They would look redshifted in a hollow world, if the cosmologic constant is set to zero. But to keep it stable, kind of anti-gravity is needed for balance; this would annihilate the red-shift. –  Gerald Jan 9 at 19:54
    
I also believe that a region of space can be more energetic - more photons, gamma rays - which we won't see but which will encapsulate stars in a large region of "slower than our clocks". The difference might be small though, but can we be sure? –  frodeborli Jan 9 at 19:57
    
But why can't the universe be collapsing and the cosmological constant zero? Especially if the cosmological constant was introduced to explain the expansion. "A scientific theory should be as simple as possible, but no simpler" –  frodeborli Jan 9 at 20:00
    
We see regions of space with higher density by gravitational lensing, meaning light does take a different path than without the additional mass. Stars and galaxies behind the massive object look different. –  Gerald Jan 9 at 20:05

You have many questions. I only answer the first. It's doesn't only matter how heavy a star is, but also how big. For ordinary stars, the effect is neglible (work it out by yourself -- it's a useful exercise). Even for compact stars, such as white dwarves or neutron stars, the effect is small.

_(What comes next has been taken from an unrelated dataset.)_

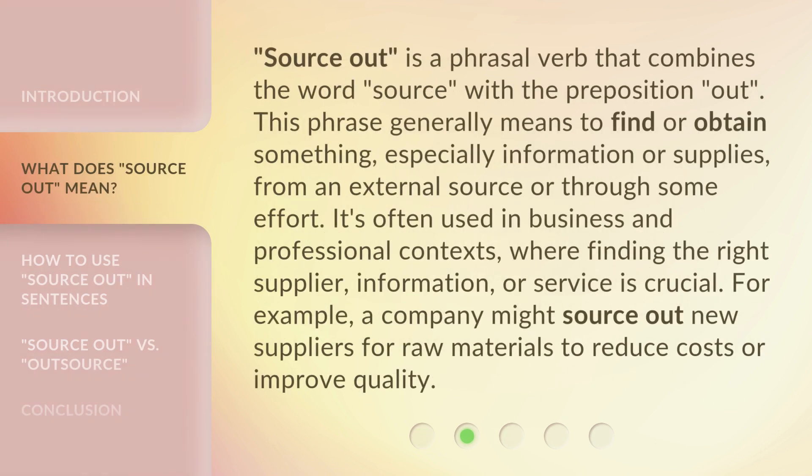Source Out is a phrasal verb that combines the word source with the preposition out. This phrase generally means to find or obtain something, especially information or supplies, from an external source or through some effort. It's often used in business and professional contexts, where finding the right supplier, information, or service is crucial. For example, a company might source out new suppliers for raw materials to reduce costs or improve quality.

However, what astronomers commonly refer to as (stellar-mass) black holes, may actually be strange stars consisting of some quark-gluon plasma (a white dwarf is like a big crystal, a neutron star like a big atomic nucleus, a strange star like a big neutron). These stars would have a high gravitational redshift (1000 or more) at their surface, such that the surface is effectively invisible. This makes them very hard/impossible to distinguish form "real" black holes.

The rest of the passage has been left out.